Friday 8 June 2001

STRAW IS THE WRONG MAN FOR THE JOB

Paul Anderson, Tribune column, 8 June 2001

Trust Tony Blair to ruin it all. There I was last Friday, feeling a little tired after staying up most of the night watching the election but in an unusually upbeat mood – Tories routed, few Labour losses, Lib Dems up, Trots and Stalinists consigned to the dustbin of history. And then he makes David Blunkett Home Secretary and fires Robin Cook as Foreign Secretary, giving his job to Jack Straw.

Yes, it’s the nightmare scenario. Labour’s most instinctive authoritarian as guardian of our civil liberties and a former evangelist Europhobe running our relations with Europe.

It is Straw who scares me more. Blunkett’s populist rhetoric on law and order is more extreme than his predecessor’s. And his prejudices – particularly against homosexuality – are more markedly conservative. (He once famously outraged the readers of this paper with a column in which he described his “revulsion at the idea of touching another man”.) But, at risk of tempting fate, I can’t for the moment imagine how he can be any worse than Straw in terms of policy.

Straw, however, is almost certain to be much, much worse than Cook in the Foreign Office. And that’s not just because Straw was so uninspiring in the Home Office.

Some on the left have attacked Cook for hypocrisy, arguing that his promise of an ethical basis for foreign policy was broken by arms sales to Indonesia, sanctions against Iraq and military intervention in Kosovo and Sierra Leone.

I have some sympathy with these critics on arms-to-Indonesia, on which Cook’s opposition was over-ruled by Blair, and rather less on Iraq, where sanctions were (and are) a blunt instrument to deal with the real villain of the piece, Saddam Hussein.

But on the whole I think Cook did an excellent job in difficult circumstances. His roles in the Kosovo and Sierra Leone interventions were entirely honourable, particularly his part in persuading the West to issue the threat of invasion of Kosovo by ground troops, which did more than anything else to persuade Slobodan Milosevic to withdraw.

Equally important, in his four years in office Cook did more than any other politician to repair the damage done to Britain’s relations with the European Union by the Tories. Unlike Blair and Gordon Brown he was and is at ease in European politics. He did his best to persuade the other Governments of the EU that Britain was serious about signing up for the euro. He did not lecture them time and again on the supposed need for deregulation and flexible labour markets. And he did not side automatically with the US on every question. On “Son of Star Wars” in particular he was a voice for restraint.

It is in the conduct of our relations with Europe that Cook will be most missed. Straw comes to Foreign Office with no experience of European politics and, more important, carrying all the baggage of an unrepentant early-1980s Labour Little Englander.

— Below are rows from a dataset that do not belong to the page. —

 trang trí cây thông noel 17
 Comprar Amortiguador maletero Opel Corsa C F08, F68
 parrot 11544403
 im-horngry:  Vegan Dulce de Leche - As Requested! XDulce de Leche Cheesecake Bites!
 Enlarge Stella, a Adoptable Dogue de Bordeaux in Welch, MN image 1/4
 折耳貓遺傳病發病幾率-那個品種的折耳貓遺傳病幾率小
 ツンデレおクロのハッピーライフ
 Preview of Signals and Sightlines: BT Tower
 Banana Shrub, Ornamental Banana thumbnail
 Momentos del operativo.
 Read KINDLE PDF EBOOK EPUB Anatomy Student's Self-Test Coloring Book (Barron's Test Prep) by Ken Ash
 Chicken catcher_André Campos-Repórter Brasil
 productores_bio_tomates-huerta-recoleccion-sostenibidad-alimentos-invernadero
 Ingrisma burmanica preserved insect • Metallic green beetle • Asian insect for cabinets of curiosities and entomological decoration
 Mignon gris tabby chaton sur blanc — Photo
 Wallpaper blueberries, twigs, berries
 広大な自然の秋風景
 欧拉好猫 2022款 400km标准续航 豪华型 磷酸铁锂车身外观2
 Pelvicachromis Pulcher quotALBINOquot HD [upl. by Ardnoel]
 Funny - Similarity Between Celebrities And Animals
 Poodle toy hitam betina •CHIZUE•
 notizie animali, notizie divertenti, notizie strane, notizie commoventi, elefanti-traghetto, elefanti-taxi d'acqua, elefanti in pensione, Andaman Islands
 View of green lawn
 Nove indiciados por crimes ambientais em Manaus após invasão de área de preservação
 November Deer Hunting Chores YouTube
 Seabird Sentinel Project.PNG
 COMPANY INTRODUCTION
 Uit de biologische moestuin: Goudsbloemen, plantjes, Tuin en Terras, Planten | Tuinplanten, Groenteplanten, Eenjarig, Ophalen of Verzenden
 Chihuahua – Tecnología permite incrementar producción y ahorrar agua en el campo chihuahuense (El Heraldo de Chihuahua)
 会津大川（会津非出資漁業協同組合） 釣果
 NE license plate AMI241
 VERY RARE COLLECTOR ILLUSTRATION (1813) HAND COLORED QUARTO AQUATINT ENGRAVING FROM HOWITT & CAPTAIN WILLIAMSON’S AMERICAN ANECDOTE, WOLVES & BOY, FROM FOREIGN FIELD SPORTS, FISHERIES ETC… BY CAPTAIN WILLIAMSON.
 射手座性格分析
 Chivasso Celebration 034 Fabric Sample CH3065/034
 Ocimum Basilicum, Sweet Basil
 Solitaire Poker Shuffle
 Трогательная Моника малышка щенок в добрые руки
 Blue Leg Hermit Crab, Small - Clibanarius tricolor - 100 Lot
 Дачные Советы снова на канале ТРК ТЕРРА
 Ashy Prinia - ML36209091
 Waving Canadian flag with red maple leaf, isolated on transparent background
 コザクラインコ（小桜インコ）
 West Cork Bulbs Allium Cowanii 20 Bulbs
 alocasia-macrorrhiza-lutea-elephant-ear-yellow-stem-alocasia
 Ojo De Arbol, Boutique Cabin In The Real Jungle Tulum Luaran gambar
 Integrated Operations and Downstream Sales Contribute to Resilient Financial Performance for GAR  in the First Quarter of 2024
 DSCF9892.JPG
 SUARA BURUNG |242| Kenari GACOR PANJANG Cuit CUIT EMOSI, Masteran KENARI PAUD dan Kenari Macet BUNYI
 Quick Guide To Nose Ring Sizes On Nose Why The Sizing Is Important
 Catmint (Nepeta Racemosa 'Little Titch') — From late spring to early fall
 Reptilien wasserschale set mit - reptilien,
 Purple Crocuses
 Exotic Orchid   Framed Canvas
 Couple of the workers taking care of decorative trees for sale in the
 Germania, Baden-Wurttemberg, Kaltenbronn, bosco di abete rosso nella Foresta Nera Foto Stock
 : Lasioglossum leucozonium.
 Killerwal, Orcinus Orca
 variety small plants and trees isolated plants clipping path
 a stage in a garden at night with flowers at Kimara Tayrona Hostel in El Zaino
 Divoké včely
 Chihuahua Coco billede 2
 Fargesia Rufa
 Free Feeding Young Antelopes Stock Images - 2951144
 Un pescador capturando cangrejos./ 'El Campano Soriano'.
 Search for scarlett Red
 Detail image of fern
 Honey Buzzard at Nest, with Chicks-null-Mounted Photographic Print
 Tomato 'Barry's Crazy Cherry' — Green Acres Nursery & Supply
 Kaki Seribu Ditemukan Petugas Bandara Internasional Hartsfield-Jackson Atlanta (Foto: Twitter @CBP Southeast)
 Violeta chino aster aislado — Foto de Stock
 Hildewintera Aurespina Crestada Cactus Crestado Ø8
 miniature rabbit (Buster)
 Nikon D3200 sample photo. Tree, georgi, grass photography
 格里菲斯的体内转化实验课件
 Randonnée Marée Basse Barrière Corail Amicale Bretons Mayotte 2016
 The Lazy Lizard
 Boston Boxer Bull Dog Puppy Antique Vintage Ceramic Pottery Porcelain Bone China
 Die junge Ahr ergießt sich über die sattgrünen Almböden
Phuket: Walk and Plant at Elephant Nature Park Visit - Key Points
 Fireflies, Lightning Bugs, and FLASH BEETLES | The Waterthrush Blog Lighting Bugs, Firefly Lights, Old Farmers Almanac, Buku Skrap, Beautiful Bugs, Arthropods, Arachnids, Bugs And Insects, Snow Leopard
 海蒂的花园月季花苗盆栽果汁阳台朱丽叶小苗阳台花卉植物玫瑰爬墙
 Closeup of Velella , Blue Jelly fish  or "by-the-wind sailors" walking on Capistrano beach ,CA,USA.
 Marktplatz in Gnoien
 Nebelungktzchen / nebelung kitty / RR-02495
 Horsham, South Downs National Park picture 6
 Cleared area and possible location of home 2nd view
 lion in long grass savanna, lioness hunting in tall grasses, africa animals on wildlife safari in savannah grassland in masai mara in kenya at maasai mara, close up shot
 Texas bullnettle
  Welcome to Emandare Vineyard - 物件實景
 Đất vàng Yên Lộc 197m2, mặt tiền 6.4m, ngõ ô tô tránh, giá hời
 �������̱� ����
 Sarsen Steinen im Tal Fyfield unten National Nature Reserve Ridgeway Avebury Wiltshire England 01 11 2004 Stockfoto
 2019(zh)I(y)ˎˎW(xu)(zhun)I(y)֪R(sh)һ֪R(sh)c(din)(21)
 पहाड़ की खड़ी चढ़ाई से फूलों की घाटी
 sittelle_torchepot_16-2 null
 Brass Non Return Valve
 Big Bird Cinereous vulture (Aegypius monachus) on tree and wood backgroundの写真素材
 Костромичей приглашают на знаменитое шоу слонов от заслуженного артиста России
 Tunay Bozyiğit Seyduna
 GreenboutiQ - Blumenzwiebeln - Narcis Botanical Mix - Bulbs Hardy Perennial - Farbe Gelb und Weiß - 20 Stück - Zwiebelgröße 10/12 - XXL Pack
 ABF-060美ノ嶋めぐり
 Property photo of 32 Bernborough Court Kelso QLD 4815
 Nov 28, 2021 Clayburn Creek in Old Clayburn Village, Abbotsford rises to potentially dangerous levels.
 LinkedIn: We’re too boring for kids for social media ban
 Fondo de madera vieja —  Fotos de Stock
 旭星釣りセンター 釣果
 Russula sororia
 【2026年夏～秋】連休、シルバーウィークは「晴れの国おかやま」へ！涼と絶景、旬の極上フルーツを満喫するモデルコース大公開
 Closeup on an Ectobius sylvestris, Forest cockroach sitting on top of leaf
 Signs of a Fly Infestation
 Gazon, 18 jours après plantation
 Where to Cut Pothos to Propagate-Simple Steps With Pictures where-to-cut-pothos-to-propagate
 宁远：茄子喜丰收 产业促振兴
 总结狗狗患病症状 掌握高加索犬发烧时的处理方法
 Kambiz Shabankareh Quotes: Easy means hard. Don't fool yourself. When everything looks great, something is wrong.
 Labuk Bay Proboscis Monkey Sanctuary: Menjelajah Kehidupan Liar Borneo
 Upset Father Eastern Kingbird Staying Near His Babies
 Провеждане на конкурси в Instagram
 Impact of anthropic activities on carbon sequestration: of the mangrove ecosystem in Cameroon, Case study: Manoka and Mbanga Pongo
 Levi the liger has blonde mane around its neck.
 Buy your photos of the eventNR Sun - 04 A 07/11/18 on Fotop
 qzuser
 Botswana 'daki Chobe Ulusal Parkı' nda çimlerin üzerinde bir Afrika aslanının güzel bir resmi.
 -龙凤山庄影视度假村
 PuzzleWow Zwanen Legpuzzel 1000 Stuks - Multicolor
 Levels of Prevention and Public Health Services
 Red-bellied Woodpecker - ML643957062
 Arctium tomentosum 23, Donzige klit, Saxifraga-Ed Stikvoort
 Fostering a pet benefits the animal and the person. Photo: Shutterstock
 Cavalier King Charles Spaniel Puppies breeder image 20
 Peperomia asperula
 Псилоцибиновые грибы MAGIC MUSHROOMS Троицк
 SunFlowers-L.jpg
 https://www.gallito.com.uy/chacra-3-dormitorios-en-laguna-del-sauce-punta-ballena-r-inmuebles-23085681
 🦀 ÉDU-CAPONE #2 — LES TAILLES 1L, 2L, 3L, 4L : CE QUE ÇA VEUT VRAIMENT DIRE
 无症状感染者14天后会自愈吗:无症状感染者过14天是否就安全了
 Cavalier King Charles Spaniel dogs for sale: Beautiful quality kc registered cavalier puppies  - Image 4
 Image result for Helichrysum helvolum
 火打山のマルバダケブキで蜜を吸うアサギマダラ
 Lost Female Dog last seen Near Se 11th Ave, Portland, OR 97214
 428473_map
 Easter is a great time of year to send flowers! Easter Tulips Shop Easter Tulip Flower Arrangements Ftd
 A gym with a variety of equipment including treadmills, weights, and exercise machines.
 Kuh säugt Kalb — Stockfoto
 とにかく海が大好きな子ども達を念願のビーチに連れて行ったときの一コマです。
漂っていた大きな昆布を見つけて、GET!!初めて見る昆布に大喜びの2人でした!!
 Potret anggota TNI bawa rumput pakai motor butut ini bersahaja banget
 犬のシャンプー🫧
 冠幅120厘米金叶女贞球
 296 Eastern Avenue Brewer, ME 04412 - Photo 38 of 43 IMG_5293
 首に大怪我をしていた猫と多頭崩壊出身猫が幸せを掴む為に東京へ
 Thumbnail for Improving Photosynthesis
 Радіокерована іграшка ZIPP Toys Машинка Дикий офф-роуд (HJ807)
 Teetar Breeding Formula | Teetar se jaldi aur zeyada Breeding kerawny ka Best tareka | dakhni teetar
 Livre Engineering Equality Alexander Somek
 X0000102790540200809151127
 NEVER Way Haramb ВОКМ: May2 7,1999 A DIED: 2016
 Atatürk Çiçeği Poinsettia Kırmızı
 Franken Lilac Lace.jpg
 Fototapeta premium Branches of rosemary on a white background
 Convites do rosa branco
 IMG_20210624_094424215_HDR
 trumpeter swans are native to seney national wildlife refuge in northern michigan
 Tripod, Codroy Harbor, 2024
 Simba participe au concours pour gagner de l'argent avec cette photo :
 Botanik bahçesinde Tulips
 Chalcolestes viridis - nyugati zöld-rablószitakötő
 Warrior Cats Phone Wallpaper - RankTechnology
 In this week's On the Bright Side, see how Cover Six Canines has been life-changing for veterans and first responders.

Twenty years ago, of course, anti-Europeanism was dominant in the Labour Party. But few were quite so obsessively Europhobic as Straw. A founder of the notoriously anti-European Labour Common Market Safeguards Committee, he was a consistent propagandist for the anti-European cause (not least in the pages of Tribune). In 1980, he told a special Labour conference that “a central part of our manifesto must be a pledge to withdraw from the Common Market immediately”. He made his first moves up the greasy pole after becoming an MP as a protege of Peter Shore, Labour’s most ardent anti-European of the period.

All of which was a long time ago – and of course people change their minds. But, unlike most other current Labour leaders who were anti-European in the early 1980s, Straw has never given even the slightest hint that he thinks differently now. For the past four years he has been one of the Cabinet’s most consistent opponents of the euro.

So why is he now Foreign Secretary? The most straightforward explanation is that Blair and Brown have decided to give up on joining the euro for some time – which is more plausible than most commentators suggest. Otherwise, the only half-credible explanation I have heard is that it is part of an elaborate gambit to avoid press reports of a split between the publicly pro-euro Cook and the publicly agnostic Brown. According to this scenario, Straw has secretly abandoned Euroscepticism, but has agreed to play mum until Brown produces a report recommending euro entry. The Foreign Secretary then fakes a Damascene conversion and – hey presto! – the great British public votes for the single currency.

I can’t believe Blair is stupid enough to think that such a crude coup de theatre would possibly work. But then I didn’t think he’d be stupid enough to fire Robin Cook.